Their leaves were also restricted due to their habit of preaching, which was met with ill favour by local residents. “The Jehovah’s Witnesses, when they got a weekend off, would fan out across the valley and hand out copies of The Watchtower,” Ray recalls. “I don’t think they made too many converts.”

How did local residents react to the COs? Seeing these young, strong men enjoying relative freedom while your sons and brothers were fighting overseas must have been painful for some people. But Ray doesn’t remember any overt hostility towards the COs, although in the nearby town of Banff, the local newspaper complained about “conchies” and suggested that pacifism was “simply a cute method of saving their yellow hides.”

And residents were furious when they learned that the COs had been taken to the local hot pool for a swim. Here’s a photo from the book Park Prisoners. (It’s misleading to show them on this rare outing, since for the most part the COs led a very hard life.)

The third and final group to arrive were Hutterites.

At first the government was lenient towards Hutterites, but the public demanded they be treated like any other citizen. They accepted their fate meekly as a lesser of two evils, and performed their duties without complaint.

Hutterites are one of three major Christian Anabaptist groups (the others are Mennonites and Amish) surviving today, and the only group to insist on communal living. Hutterite history dates back to 1528 when a small group of German-speaking Anabaptists established a communal society in Europe to escape religious persecution.

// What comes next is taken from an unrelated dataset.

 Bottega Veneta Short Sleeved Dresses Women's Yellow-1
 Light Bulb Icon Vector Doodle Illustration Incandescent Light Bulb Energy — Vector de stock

Under the leadership of Jacob Hutter, they established Hutterian beliefs, which they follow to this day: separation of church and state, communal ownership of property, and opposition to war. Hutterites have retained the dress and the language of their ancestors.

Ray took this photo of a Hutterite posing with a little boy, the son of the camp cook.

After the war ended in May 1945, the government refused to allow the inmates to go home until the last man returned from overseas. (Or perhaps the government was just trying to squeeze out a few more months of work). The last camp in existence was the one in Banff National Park, where the final inmate was released in July 1946.

And here’s an interesting update on Hutterite history.

In 2009, Ray Crook answered a knock on his door and found two Hutterite men. Just as many of us yearn to know how our fathers spent their wartime years, do did these two brothers named Paul and Sam Kleinsasser from Rose Valley Colony in Assiniboia, Saskatchewan. Here is Paul on the left, and Sam on the right.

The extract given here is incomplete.